Oh and once you're done uninstalling your extensions, be sure to kill yourself.
>>51840013
Oh and also, both Chrome and the NSA already have all your shit, so while you're pissing your pants in fear, remember to kill yourself.
>>51839281
Ones that specifically prompt you with "this extension can access all your data on all sites".
In general permissions tell you what they're permitting anon, don't be retarded.
>>51840013
Kill yourself, fucking cunt.
>>51839928
Please point it out in the source code.
This happens quite a lot, but at least extensions are automatically disabled if more permissions are requested
>>51838145
do you realize your isp has all of your personal information and a real time stream of all of your online activity? who is to say they aren't already handshaking with the powers that be?
>>51838145
Firefox with ublock origin + noscript mustard race
>>51838145
Why should I care if Google Chrome tracks me? The worst they can do to me is attempt to show ads that match my preferences.
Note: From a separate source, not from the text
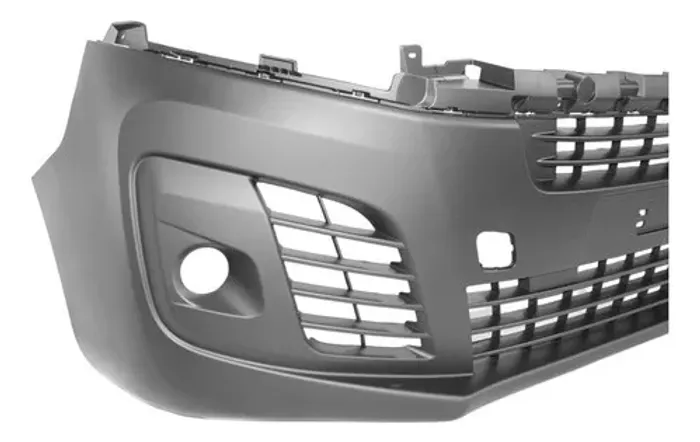 Kit Parachoque Citroen Jumpy 2018 A 2024 S/tampa Reboque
Yes, those same ads that get blocked by adblock.
Extensions tracking me on the other hand can be a problem because they can use that to steal my data, but I honestly doubt it
>>51844839
This
This is an issue with FF too, which is why I only use extensions which have the source available.
I wish it was easier, some extensions claim to have the source available, but don't make it easy to find.
Default Full Zoom Level was especially suspicious, took me to a chinese github, and I didn't see the add on there....
>>51838145
As a hobbyist firefox addon dev who just moved to chrome because fuck mozilla and just finished porting his first addon to chrome, and a hobby + professional programmer with a background in various languages/frameworks like java, c#, c and webdev, and a person who strongly believes in ethical software/good intentions/customer care:
fuck you.
>>51847552
As a person who enjoys writing run on sentences, and is a giant faggot,
>>51844839
Remember that thing that happened to Ashely Madison a few month back? What if that happened to Goole? Then someone would be able to use all your personal data on a whim, including your SS, any credit cards etc. That's why you should care.